Murtagh's drama takes on one of the grimmest episodes in the history of the Irish Catholic Church - the exploitation of pregnant young women in mother and baby homes - and crafts a psychological thriller around it.

There's a risk in handling such a sensitive subject in this way that Murtagh and his directors Harry Woodlif and Rachna Suri could make a real haims of an issue that is still raw for many people.

Unfortunately that nagging concern never really goes away throughout the run of this imaginative BBC1 drama.

© BBC & Motive Pictures

'The Woman In The Wall' isn't the first TV show to take a tough real life issue and address it through the medium of a thriller.

Before he penned his moving TV film 'Hillsborough,' Jimmy McGovern addressed the trauma of the 1989 Liverpool FC disaster in the stunning 'To Be Somebody' episode of his hit ITV crime series 'Cracker' with Robbie Coltrane and Robert Carlyle.

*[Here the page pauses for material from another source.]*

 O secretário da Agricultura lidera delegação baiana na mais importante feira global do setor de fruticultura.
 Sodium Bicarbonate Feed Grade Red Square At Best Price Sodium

The bitter political divisions of the 1984-85 miners strike informed James Graham's gripping six part Nottinghamshire murder mystery 'Sherwood' on BBC1 last year with David Morrissey and Alun Armstrong.

For three series, Sally Wainwright's 'Happy Valley' also touched on deprivation, drug addiction and family dysfunction in a Yorkshire community that has seen better days.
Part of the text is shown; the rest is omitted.